However, he notes that the argument about whether stringent labour laws are directly a result of disinvest- ment in the economy has been ongoing.
“Not everyone agrees with this, how- ever, as the South African economy has been growing steadily for a number of years, if one does not consider the recent recession. I have found that corporations and governments primarily look at the opportunities that exist, rather than the problems,” Nel explains.
By way of example, he cites South Africa’s recent invitation to join the Brics coalition of Brazil, Russia, India and China.

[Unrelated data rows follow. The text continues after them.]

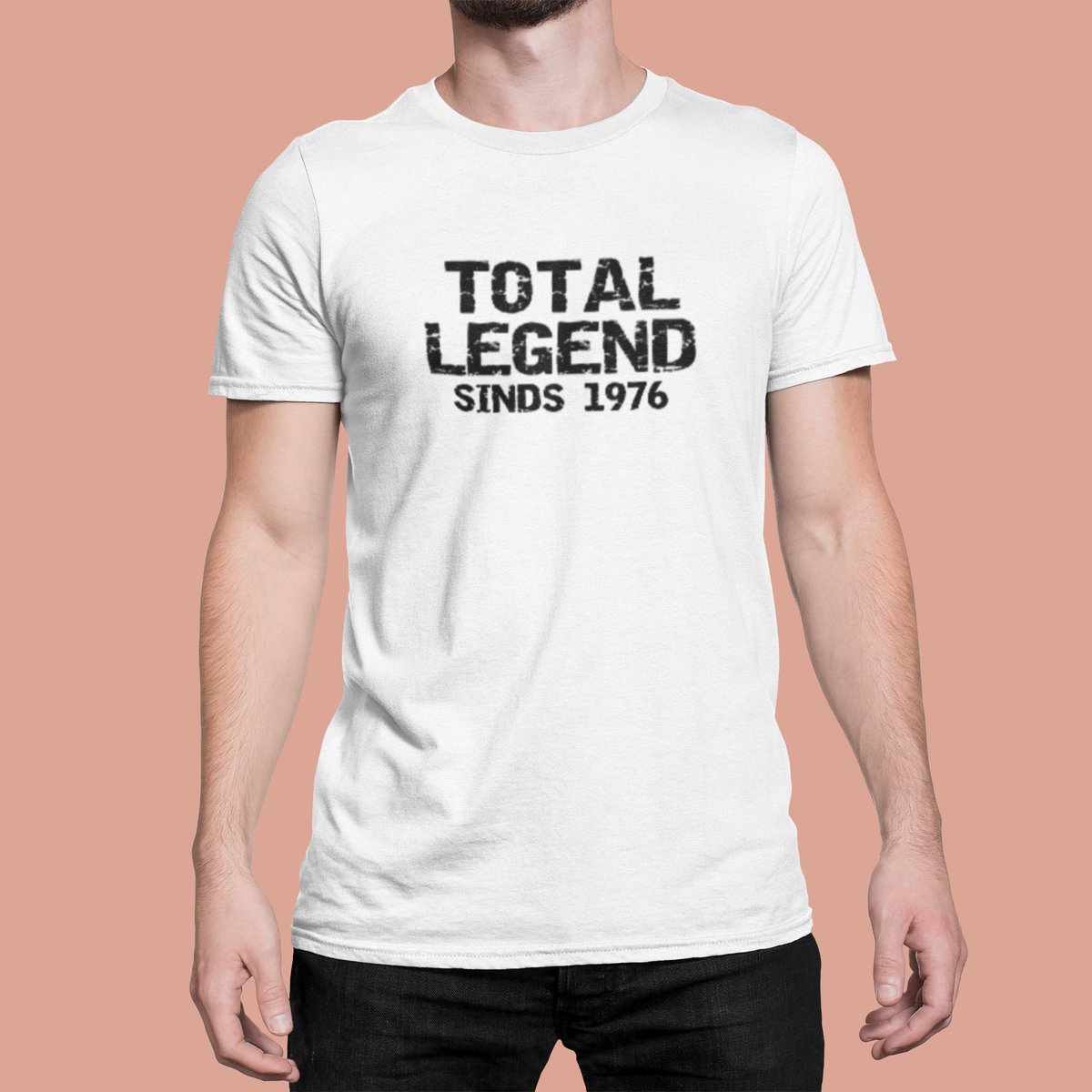 1976 Jaar Wit T-shirt heren - Maat L - Total Legend - Verjaardag Cadeau Mannen - Limited Edition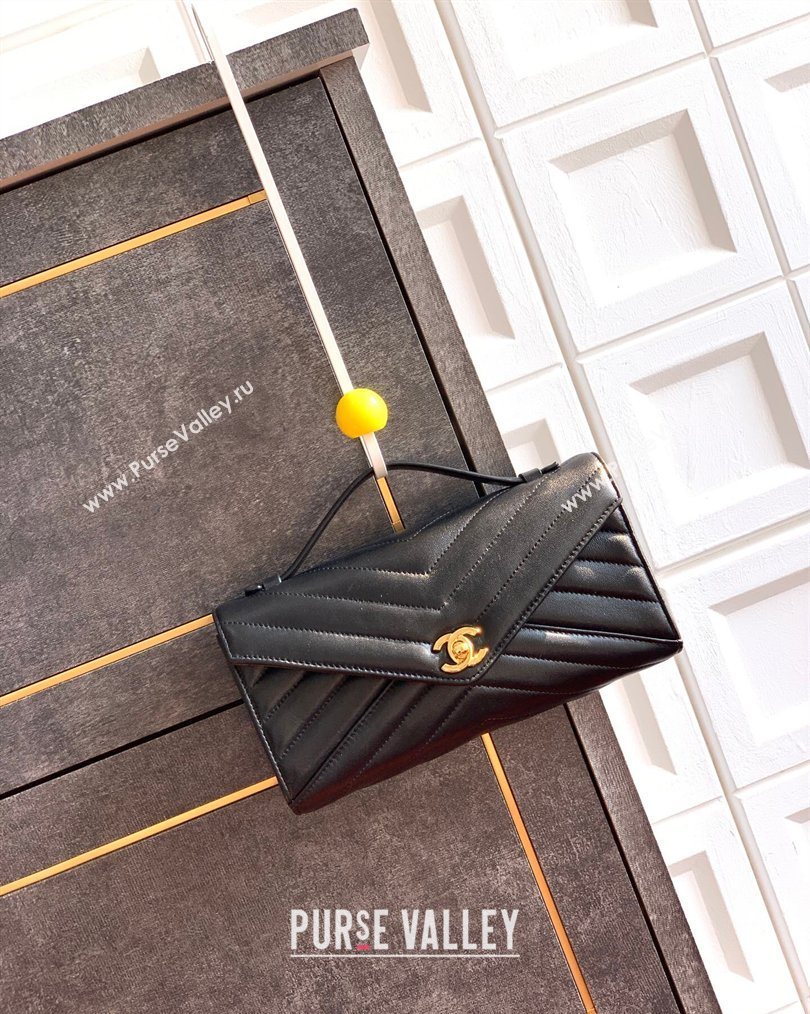 Chanel Chevron Lambskin Leather Flap Top Handle Bag Black 2026 AS6044 (yezi-260204064)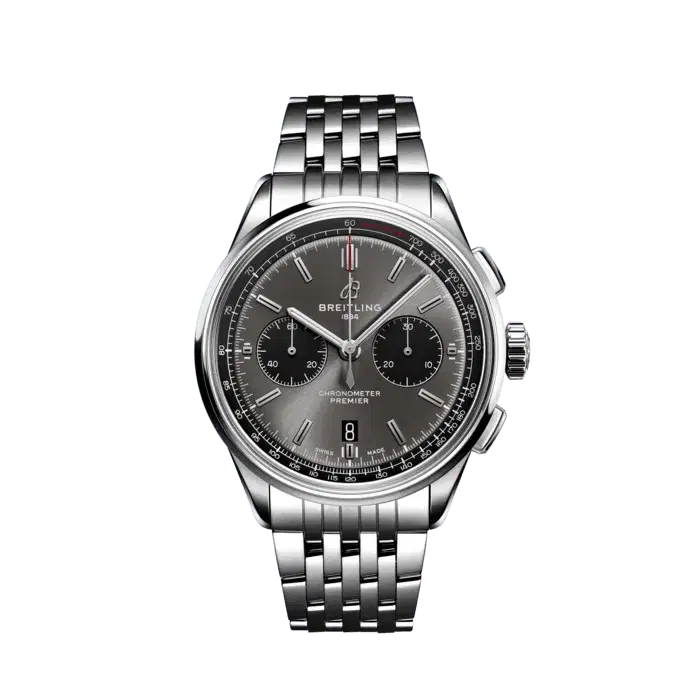 Breitling AB0118221B1A1 Premier B01 Chronograph 42 Stainless Steel Anthracite Grey Dial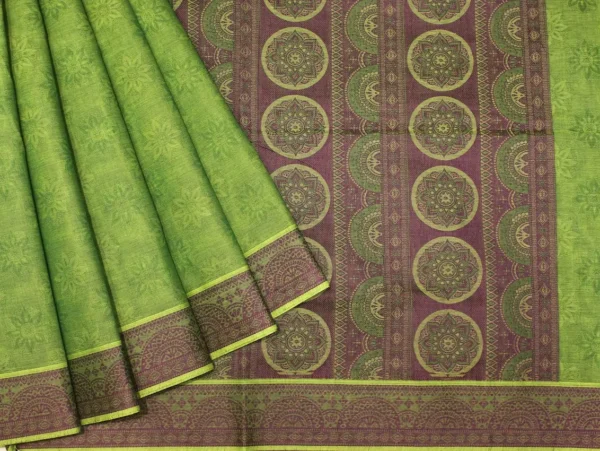 Pista Green In Embossed Kovai Cotton Saree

“Many consider South Africa too small to be a member of Brics; however, China is looking at South Africa as the gateway to the African continent, and this is a prime example that stringent labour laws by no means influence solid investment and development strategies,” he adds.
However, he questions how efficiently these labour laws are being managed.
He says that section 232 of the South African Constitution stipulates that customary international law is law in the Republic, unless it is inconsistent with the Constitution or an Act of parliament.
“Being a member of the ILO, South Africa participates in international policies. For example, the South African government is aiming to create decent work for all, which is consistent with the stand of the ILO. This is also the underlying objective of the proposed amendment bill, but when one looks at how government went ahead and initiated the proposal, I find it hard to understand why government seemingly didn’t acknowledge certain key institutions, bodies, or persons that are key to this process,” Nel says.
He adds that the South African Society for Labour Law expressed concern that government did not discuss the proposal with the National Economic Development and Labour Council prior to its publication, and questions whether input from the Judge President of the labour court or Commission for Conciliation, Mediation and Arbitration (CCMA) National Directorate was obtained.
He adds that the “effective ban” of labour brokers is also an area of concern.
“Even though the proposed bill does not outright ban temporary employment services (TES), it does remove the incentive for employers to use labour brokers. Generally, there is agreement that managing labour laws to prohibit the use of TES could result in more unemployment,” he says.
Further, he states that it is the prevalence of crime, corruption and political tension in South Africa, that scares investors away, rather than the country’s labour laws.
“Despite investors being somewhat wary of investing in business in South Africa because the legislative framework allows strikes and protests (within boundaries), this is not what ultimately prevents them from investing,” he says.
However, he says that South Africa continually deploys sound macroeconomic policies that seem to be drawing investors, despite the country’s stringent labour laws.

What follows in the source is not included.